WHAT IS BEING ASKED
Could you print every line from the first one of the records below through the line containing "25₽ СОЧИ+редкие♦10₽ Бим", with both included and nothing else?

Records from a data collection
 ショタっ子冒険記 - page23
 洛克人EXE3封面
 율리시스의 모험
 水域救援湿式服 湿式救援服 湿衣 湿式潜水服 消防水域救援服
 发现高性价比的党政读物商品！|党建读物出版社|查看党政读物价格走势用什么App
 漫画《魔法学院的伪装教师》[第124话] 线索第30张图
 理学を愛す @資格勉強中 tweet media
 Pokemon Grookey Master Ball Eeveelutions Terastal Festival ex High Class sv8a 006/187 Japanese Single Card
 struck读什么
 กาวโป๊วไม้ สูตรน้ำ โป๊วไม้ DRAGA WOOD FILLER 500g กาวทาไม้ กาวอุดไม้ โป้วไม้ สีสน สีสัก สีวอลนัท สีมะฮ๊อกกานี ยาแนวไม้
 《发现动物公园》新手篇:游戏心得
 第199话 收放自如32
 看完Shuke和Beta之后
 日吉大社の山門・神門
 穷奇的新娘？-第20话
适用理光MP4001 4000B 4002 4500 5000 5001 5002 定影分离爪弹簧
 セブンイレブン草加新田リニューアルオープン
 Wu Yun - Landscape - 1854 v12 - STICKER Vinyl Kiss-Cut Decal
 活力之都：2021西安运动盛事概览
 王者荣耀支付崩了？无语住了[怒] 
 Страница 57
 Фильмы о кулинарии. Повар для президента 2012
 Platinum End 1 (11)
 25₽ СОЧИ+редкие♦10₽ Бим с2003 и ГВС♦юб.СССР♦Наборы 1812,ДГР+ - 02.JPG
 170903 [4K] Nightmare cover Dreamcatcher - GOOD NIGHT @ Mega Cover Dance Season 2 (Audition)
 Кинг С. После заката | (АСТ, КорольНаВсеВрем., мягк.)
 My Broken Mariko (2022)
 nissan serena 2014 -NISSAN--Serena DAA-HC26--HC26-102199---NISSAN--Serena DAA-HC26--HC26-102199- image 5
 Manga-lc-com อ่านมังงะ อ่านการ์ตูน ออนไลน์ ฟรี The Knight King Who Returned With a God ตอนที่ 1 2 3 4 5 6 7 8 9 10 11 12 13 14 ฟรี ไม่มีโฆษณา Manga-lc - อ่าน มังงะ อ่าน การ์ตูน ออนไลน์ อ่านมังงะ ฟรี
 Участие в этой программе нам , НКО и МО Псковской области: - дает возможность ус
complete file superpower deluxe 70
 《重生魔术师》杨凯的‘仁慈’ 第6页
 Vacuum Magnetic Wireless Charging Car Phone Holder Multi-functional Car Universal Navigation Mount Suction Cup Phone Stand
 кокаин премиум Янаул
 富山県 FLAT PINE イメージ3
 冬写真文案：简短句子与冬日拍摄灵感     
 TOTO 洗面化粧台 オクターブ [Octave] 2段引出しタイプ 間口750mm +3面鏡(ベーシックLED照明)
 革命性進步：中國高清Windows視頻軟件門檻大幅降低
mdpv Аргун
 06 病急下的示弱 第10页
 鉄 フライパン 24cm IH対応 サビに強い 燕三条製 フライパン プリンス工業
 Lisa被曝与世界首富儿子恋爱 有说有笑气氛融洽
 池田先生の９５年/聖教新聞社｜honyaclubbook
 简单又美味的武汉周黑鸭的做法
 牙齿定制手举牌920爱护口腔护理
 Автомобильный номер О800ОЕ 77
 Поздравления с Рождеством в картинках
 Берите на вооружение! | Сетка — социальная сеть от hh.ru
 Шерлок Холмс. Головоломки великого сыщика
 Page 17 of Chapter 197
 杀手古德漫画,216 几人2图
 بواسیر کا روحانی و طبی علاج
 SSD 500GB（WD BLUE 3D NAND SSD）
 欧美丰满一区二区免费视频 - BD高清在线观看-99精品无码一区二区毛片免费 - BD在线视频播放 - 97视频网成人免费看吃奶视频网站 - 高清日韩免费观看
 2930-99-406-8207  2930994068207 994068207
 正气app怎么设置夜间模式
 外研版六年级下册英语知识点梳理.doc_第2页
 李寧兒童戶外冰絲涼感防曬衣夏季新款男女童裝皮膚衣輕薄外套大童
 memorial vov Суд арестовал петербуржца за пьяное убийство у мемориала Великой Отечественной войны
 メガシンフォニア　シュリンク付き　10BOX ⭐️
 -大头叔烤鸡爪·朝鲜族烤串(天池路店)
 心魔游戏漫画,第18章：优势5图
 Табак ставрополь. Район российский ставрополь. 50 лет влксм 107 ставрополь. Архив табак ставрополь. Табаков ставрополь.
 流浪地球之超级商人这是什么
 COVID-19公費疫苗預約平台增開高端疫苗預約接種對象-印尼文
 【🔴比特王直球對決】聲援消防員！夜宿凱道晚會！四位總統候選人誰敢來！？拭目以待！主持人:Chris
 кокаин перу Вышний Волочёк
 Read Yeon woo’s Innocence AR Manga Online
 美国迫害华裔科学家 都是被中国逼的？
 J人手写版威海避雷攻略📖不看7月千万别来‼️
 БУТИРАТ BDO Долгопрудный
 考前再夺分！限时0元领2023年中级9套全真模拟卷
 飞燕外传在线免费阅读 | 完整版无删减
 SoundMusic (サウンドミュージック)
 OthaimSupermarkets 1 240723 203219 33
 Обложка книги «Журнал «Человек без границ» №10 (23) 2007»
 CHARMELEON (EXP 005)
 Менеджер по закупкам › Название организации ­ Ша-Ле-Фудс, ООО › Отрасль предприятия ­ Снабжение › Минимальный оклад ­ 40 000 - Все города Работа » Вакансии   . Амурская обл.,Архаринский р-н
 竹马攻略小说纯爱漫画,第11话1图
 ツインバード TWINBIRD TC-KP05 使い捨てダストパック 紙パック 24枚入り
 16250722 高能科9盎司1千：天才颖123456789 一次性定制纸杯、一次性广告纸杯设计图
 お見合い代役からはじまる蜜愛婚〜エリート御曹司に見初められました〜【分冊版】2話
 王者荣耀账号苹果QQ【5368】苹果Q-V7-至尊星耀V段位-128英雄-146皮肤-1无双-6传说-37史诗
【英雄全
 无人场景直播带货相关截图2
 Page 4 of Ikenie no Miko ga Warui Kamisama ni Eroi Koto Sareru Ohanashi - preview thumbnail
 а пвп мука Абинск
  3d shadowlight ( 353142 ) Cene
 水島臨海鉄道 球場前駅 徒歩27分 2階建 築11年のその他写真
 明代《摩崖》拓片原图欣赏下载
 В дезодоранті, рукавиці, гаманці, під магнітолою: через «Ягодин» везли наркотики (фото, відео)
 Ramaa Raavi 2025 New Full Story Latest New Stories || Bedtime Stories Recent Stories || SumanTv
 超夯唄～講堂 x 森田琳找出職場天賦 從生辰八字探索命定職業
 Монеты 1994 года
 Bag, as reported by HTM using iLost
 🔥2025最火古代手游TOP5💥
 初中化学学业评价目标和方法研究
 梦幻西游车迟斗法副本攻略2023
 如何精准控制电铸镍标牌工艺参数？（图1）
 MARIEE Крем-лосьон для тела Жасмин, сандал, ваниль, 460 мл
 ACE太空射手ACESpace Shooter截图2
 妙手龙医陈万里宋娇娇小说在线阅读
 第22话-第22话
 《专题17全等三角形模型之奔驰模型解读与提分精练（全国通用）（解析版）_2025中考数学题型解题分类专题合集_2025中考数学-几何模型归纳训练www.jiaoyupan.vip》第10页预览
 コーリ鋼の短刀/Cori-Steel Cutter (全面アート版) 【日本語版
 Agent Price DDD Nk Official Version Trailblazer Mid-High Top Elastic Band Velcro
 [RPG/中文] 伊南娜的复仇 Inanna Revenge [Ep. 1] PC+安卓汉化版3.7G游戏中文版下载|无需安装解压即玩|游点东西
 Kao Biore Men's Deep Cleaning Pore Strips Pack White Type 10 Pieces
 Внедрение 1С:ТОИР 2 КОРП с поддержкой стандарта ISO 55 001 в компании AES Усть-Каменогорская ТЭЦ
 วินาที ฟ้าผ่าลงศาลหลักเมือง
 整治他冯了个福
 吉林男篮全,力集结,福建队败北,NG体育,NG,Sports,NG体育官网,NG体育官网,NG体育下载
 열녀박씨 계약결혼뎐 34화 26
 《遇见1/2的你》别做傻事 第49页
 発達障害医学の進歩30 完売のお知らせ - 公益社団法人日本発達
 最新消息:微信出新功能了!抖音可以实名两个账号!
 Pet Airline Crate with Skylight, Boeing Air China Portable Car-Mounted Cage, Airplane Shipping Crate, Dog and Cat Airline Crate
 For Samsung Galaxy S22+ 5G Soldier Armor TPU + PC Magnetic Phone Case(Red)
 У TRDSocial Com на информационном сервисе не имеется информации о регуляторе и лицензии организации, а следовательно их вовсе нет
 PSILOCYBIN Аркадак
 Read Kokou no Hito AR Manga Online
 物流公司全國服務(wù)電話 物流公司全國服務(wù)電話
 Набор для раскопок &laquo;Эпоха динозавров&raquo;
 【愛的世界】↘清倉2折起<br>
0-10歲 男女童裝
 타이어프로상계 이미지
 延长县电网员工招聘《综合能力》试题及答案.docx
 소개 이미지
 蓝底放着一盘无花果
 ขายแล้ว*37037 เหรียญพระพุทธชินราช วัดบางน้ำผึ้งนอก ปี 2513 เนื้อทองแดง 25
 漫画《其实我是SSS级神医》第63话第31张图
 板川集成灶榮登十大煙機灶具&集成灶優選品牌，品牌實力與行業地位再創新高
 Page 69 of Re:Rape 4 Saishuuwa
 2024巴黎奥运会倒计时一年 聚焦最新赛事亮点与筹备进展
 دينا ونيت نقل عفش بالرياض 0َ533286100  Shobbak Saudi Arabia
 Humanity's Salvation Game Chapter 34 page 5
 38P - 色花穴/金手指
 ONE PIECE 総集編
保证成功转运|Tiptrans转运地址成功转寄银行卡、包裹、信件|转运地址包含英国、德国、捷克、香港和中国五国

WRITTEN RESPONSE
 ショタっ子冒険記 - page23
 洛克人EXE3封面
 율리시스의 모험
 水域救援湿式服 湿式救援服 湿衣 湿式潜水服 消防水域救援服
 发现高性价比的党政读物商品！|党建读物出版社|查看党政读物价格走势用什么App
 漫画《魔法学院的伪装教师》[第124话] 线索第30张图
 理学を愛す @資格勉強中 tweet media
 Pokemon Grookey Master Ball Eeveelutions Terastal Festival ex High Class sv8a 006/187 Japanese Single Card
 struck读什么
 กาวโป๊วไม้ สูตรน้ำ โป๊วไม้ DRAGA WOOD FILLER 500g กาวทาไม้ กาวอุดไม้ โป้วไม้ สีสน สีสัก สีวอลนัท สีมะฮ๊อกกานี ยาแนวไม้
 《发现动物公园》新手篇:游戏心得
 第199话 收放自如32
 看完Shuke和Beta之后
 日吉大社の山門・神門
 穷奇的新娘？-第20话
适用理光MP4001 4000B 4002 4500 5000 5001 5002 定影分离爪弹簧
 セブンイレブン草加新田リニューアルオープン
 Wu Yun - Landscape - 1854 v12 - STICKER Vinyl Kiss-Cut Decal
 活力之都：2021西安运动盛事概览
 王者荣耀支付崩了？无语住了[怒] 
 Страница 57
 Фильмы о кулинарии. Повар для президента 2012
 Platinum End 1 (11)
 25₽ СОЧИ+редкие♦10₽ Бим с2003 и ГВС♦юб.СССР♦Наборы 1812,ДГР+ - 02.JPG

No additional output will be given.